Company is suing over losing the city's bus contract in 2012 and 2016.

Posted: Aug 6, 2018 12:39 PM
Updated: Aug 6, 2018 9:28 PM

ST. PAUL, Minn. – The Minnesota Court of Appeals has again ruled against Rochester City Lines in a battle over Rochester’s bus service.

Rochester City Lines lost a competitive bidding process in 2012 to operate the city’s bus fleet, with the contract going to a company called First Transit. Rochester City Lines sued and the Minnesota Supreme Court eventually ruled that the district court should hold a full hearing on whether the bidding process was biased against the company. The judge in that hearing ruled the bidding process was fair and Rochester City Lines then appealed that decision.

On Monday, the Court of Appeals upheld the judge’s decision that Rochester City Line’s complaints about the bidding process amounted to “minor procedural defects.”
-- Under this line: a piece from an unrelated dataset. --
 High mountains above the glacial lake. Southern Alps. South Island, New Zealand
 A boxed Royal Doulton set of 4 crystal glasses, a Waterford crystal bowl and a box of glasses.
Rochester City Lines is also suing over the 2016 bidding process that awarded the city’s bus contract to First Transit again. A state Supreme Court ruling in that case has ordered a hearing on Rochester City Lines claims it was unfairly deprived of references in the bidding process, it was not credited for past performance, and the City of Rochester treated the company unfairly.

The City of Rochester issued the following statement in response to Monday's ruling:

"Over six years ago, Rochester City Lines Co. (RCL) sued the City of Rochester regarding the federally-mandated process for putting the City’s transit contracts up for bid. Today, the City won that case for the fourth time when the Minnesota Court of Appeals affirmed the district court’s judgement in favor of the City and First Transit in an unpublished opinion. RCL continued to litigate about the procurement over three years after appellate rulings firmly closed the door to any meaningful recovery by RCL, over a year after the contract RCL was suing about was fully performed by the winning bidder, and after RCL lost a seven-day trial."

"At this stage, RCL can only prolong the case with court permission. The City hopes that RCL will take Judge Thompson’s post-trial rulings, and today’s opinion affirming them, to heart. But if RCL instead decides to litigate this case further, the City will continue to defend its decisions and the numerous court rulings that have upheld those decisions."